Whoever is in the Oval Office in 2050 would have considerably more unauthorized immigrants — at least 5 million — to deport if birthright citizenship is repealed, according to a report by the nonpartisan Migration Policy Institute, a Washington think tank.
“The unauthorized population would rise to 24 million in 2050 under a scenario in which citizenship would be denied to U.S.-born children with one unauthorized immigrant parent, even if the other parent were a citizen,” the report states. Illegal immigration is currently at the lowest it’s been in decades.
But would that be a drag on taxpayers, or a benefit? Depends on how you look at it, Edward Schumacher-Matos, a Washington Post columnist, wrote in the Post:
The truth is that unauthorized immigrants are probably a net burden on taxpayers in the short term, but only if you consider education as a cost and not as an investment in the nation’s future, as it was seen a century ago.
So, how does Congress view illegal immigrants who aspire to attend college? We may find out before November, as Senate Majority Leader Harry Reid “intends to move the DREAM Act” before mid-term elections. The proposed legislation, which has been floating around Congress for the better part of a decade, would pave the way toward legal resident status — and possibly citizenship — for young illegal immigrants if they meet certain requirements.
For cities and towns who believe illegal immigrants are a drag on society — and aim to deter them from taking jobs or renting housing in their communities — passing laws with that in mind are not constitutional, a federal appeals court ruled.
The 3rd U.S. Circuit Court of Appeals ruling, which struck down ordinances adopted by the City of Hazelton, Pa. that also served as models for like-minded towns and states around the country, “is the broadest statement by a court to date on the vexing question of how much authority states and towns have to act on immigration matters that are normally the purview of the federal government,” The New York Times reported.
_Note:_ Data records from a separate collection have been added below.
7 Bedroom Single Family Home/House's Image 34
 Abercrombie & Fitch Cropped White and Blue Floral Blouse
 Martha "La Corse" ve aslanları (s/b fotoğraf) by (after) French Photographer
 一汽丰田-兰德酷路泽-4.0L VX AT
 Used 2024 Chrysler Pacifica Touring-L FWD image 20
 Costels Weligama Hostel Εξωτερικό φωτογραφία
Despite a down economy and deterrents such as the Hazelton ordinances and other enforcement efforts, the push/pull of illegal immigration persists. Immigration agents in Riverside found 37 smuggled aliens from six countries jammed inside a tiny bedroom where some claim they had been held for weeks, according to an ICE press release. Six job recruiters were indicted for forcing 400 laborers from Thailand to work after luring them to the United States in what the FBI called the largest human-trafficking case in U.S. history, The Associated Press reported.
It’s not just allegedly greedy businesses that are breaking the law. The Los Angeles Times and Washington Post both had stories about misconduct and corruption among Border Patrol agents and customs inspectors.
The Border Patrol is “grappling with a spate of misconduct cases in its ranks, which have expanded from 4,000 agents in the early 1990s to 21,000 today,” the Times reported while the number of Customs and Border Protection “corruption investigations opened by the inspector general climbed from 245 in 2006 to more than 770 this year,” according to the Post.
Corruption cases at its sister agency, U.S. Immigration and Customs Enforcement, rose from 66 to more than 220 over the same period. The vast majority of corruption cases involve illegal trafficking of drugs, guns, weapons and cash across the Southwest border.
But, as the Whittier Daily News reported, some agents are allegedly stealing from the government — and taxpayers — too.
Two former Immigration and Customs Enforcement agents were arrested Friday on charges stemming from allegations they falsely claimed nearly $600,000 worth of work hours.